そして、11年後の1965(昭和40)年、カルべル教授のアドバイスによりドンクが、東京国際見本市においてフランスパンの製造を担当しブースを開設。この時、カルべル教授が愛弟子のフィリップ・ビゴが実演者として推薦され来日。フランス製機械も搬入され、本格的なフランスパンが同見本市で披露された。見本市終了後、使ったフランス製機材をドンクが引き取り、三宮町2丁目にフランスパン専門工場を建設。ビゴ氏はドンクの技術指導として残った。「フランスパン(バゲット)」は発売当初「硬くて口が痛い」と不評だったようだが、新しいものを好み、開放的な港町・神戸のことでもあり、少しずつ受け入れらるようになった。1966(昭和41)年8月 ドンク青山店が開店。青山の周辺には神戸と同じような外国人居住区があった事や、店の造りを職人の仕事が見えるようにした事もあり秋頃からフランスパンブームに火がついた。

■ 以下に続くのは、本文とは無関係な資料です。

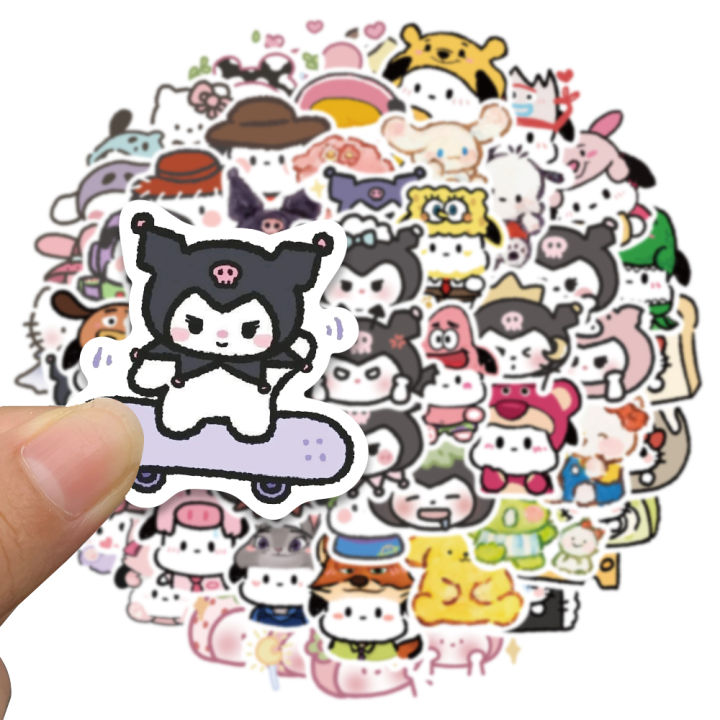 100pcs Sanrio Stickers Kuromi Cinnamoroll My Melody Pompom Purin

「ドンク」の代名詞となる「フランスパン」の製パン職人兼技術指導者として「ドンク」三宮、東京及び札幌等のドンク各店舗を回ったビゴ氏は、その後、1972(昭和47)年2月、「ドンク芦屋店」を譲り受ける形で「ビゴの店」第1号店を開店。その後、1980(昭和55)年にドンクと共同出資で「ドゥース・フランス」を設立。現在は兵庫県阪神地区を中心に約10店舗を展開している。1972(昭和47)年に独立したビゴ氏は、ドンクと商圏の重ならない鎌倉で、店を捜していたようだが、幸男氏は「芦屋でおやりなさい」とドンクの芦屋の店を譲ったという。幸男氏亡き後、ビゴ氏は「彼なしに今の私はありません」と懐古していると言う。神戸のイスズベーカリーの井筒英治社長も幸男氏を「器の大きな人だった」1070年~19080年代、フランスパンを中心にした技術講習会を東京や神戸で開き、ライバルにも技術を与えた・・・と、賞賛している。亡くなった日、「棺には焼きたてのフランスパンが入れられた」そうだ(2008・4・25朝日新聞)。

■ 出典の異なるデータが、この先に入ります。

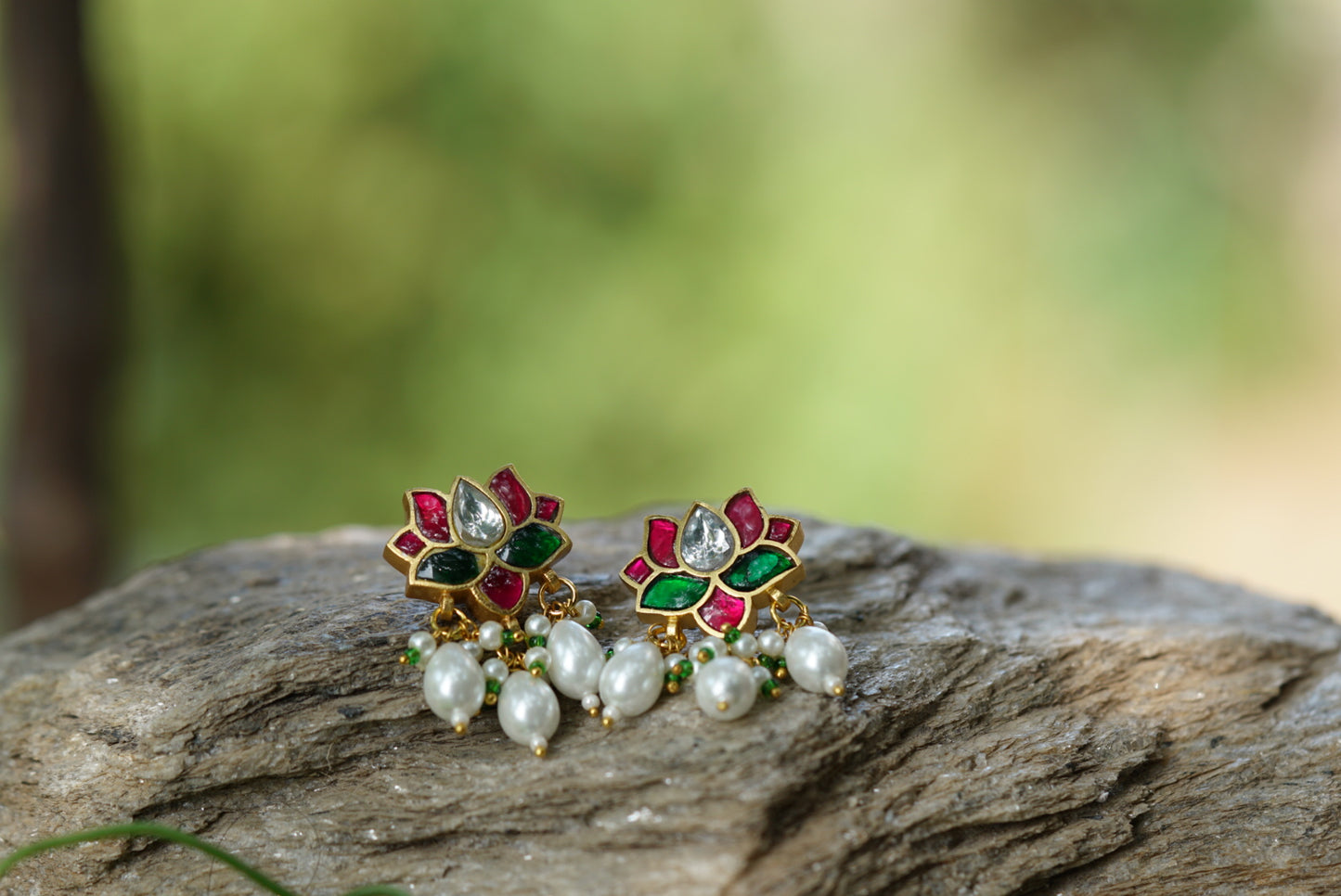 Kundan lotus Earring(1-3301)(S)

神戸へ旅行にこられた人はパンとスイーツの店が多いことに気づくだろう。私の住んでいる住宅街に在る商店街でも数軒おきにパンとスイーツの店が在る。それは、神戸のパンや洋菓子の歴史が、神戸港開港とともに始まっているからである。開港の翌年には、居留地外国人のための、外国人によるベーカリーが既に開業し、そのうち日本人によるベーカリーも誕生した。パンは神戸人の食卓には欠かせないもの。毎朝、朝食はパンに紅茶と言う家庭が多いだろう。私の家もそうだ。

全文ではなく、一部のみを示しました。